**What to do:**
Pictures are to be excluded. Please print only the lines from the one containing "Zwart-wit portret van" through the end of the data, exactly as they appear.

*** Opening of Provided material ***

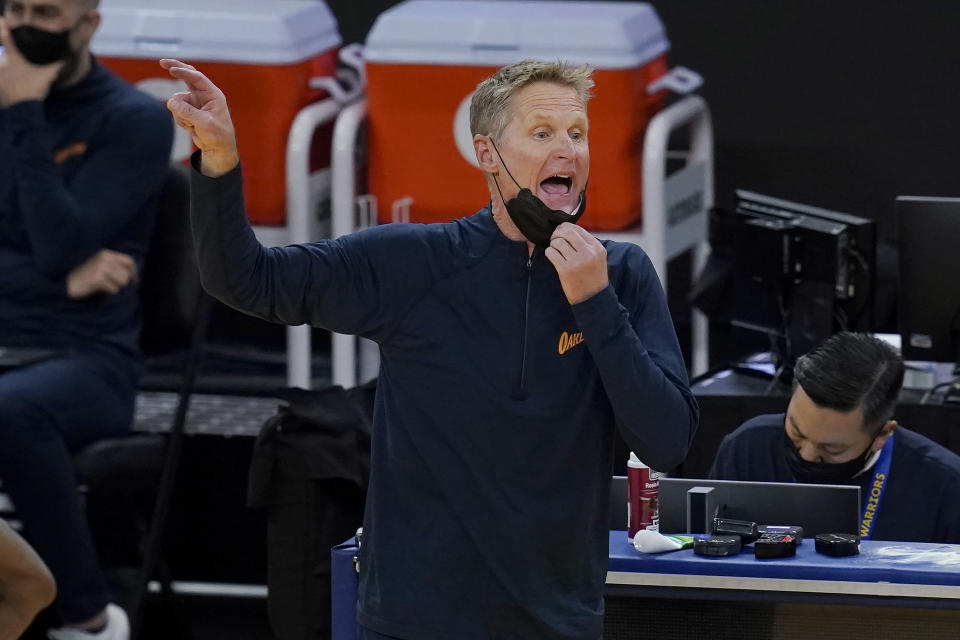 Golden State Warriors head coach Steve Kerr gestures during the first half of an NBA basketball game against the Charlotte Hornets in San Francisco, Friday, Feb. 26, 2021. (AP Photo/Jeff Chiu)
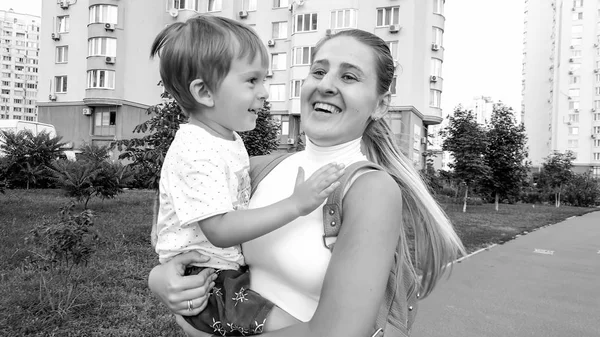 Zwart-wit portret van gelukkig glimlachende jonge moeder knuffelen haar kind zoon wandelen op City Street — Stockfoto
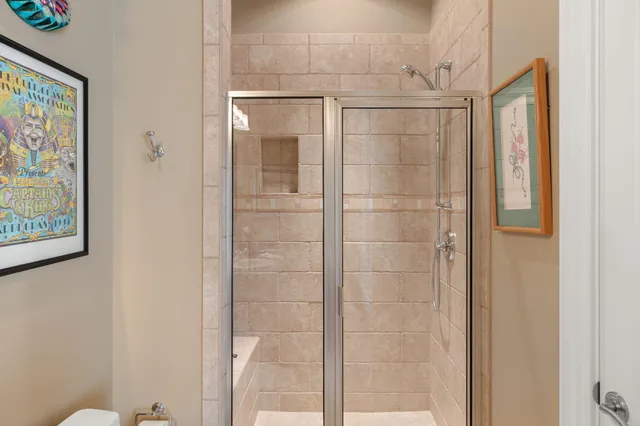 a bathroom with a sink double vanity and a mirror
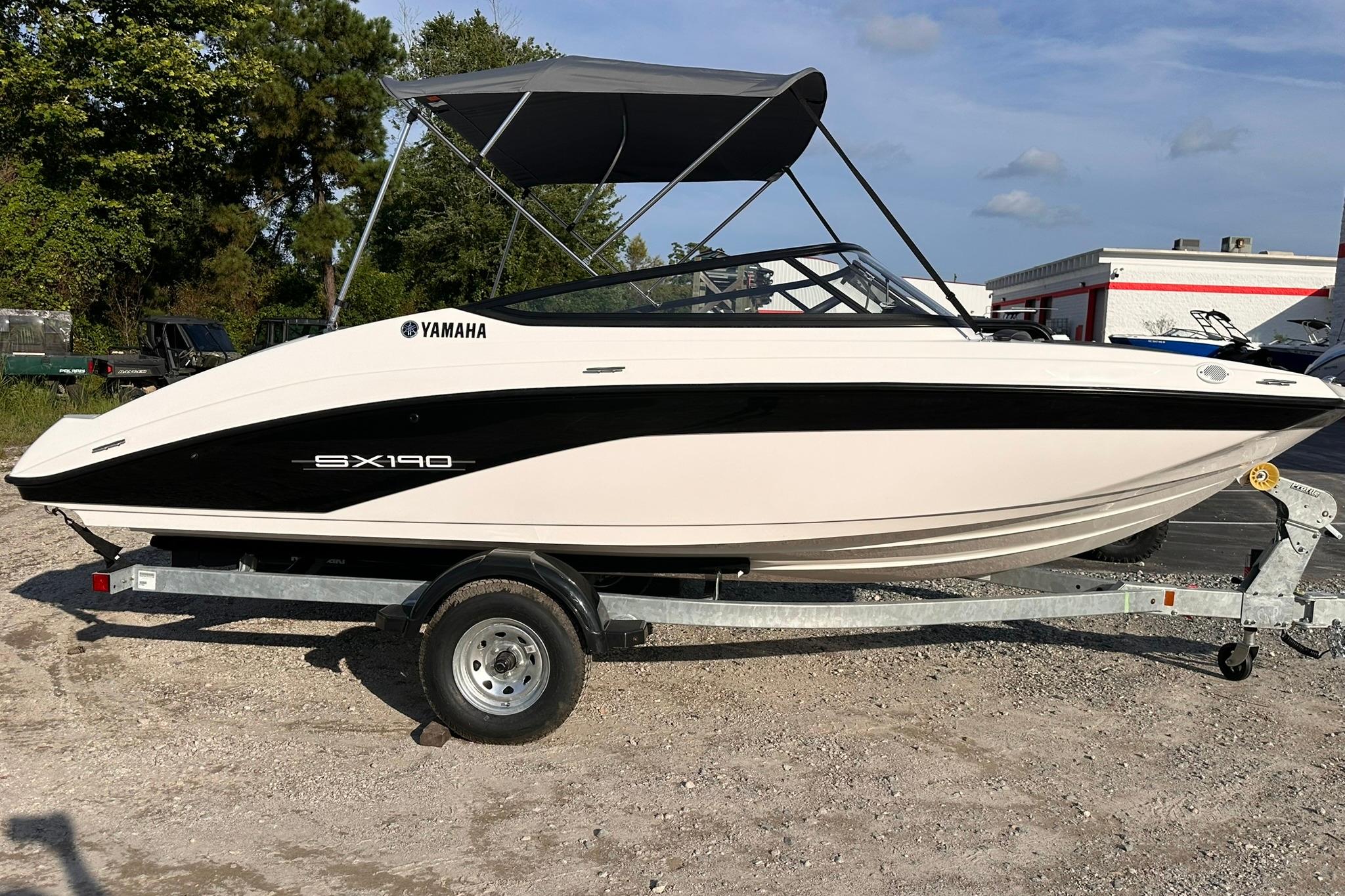 Yamaha Boats SX190 2025 Yamaha Boats SX190 on trailer, featuring sleek design and canopy, parked outdoors.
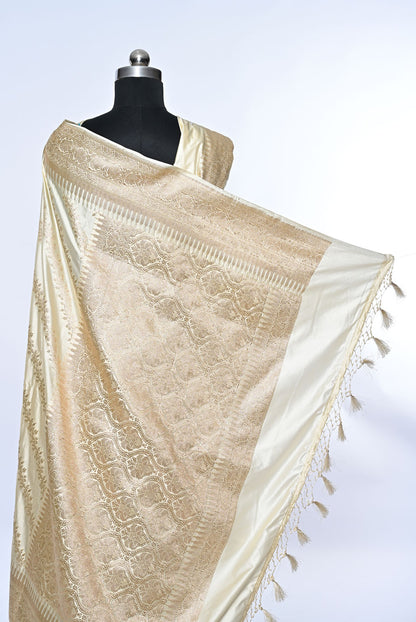 Half white Banarasi soft silk saree with golden zari sequence veil design and golden zari border, perfect for weddings and festive occasions.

*** Close of Provided material ***

**Exercise solution:**
 Zwart-wit portret van gelukkig glimlachende jonge moeder knuffelen haar kind zoon wandelen op City Street — Stockfoto
 a bathroom with a sink double vanity and a mirror
 Yamaha Boats SX190 2025 Yamaha Boats SX190 on trailer, featuring sleek design and canopy, parked outdoors.
 Half white Banarasi soft silk saree with golden zari sequence veil design and golden zari border, perfect for weddings and festive occasions.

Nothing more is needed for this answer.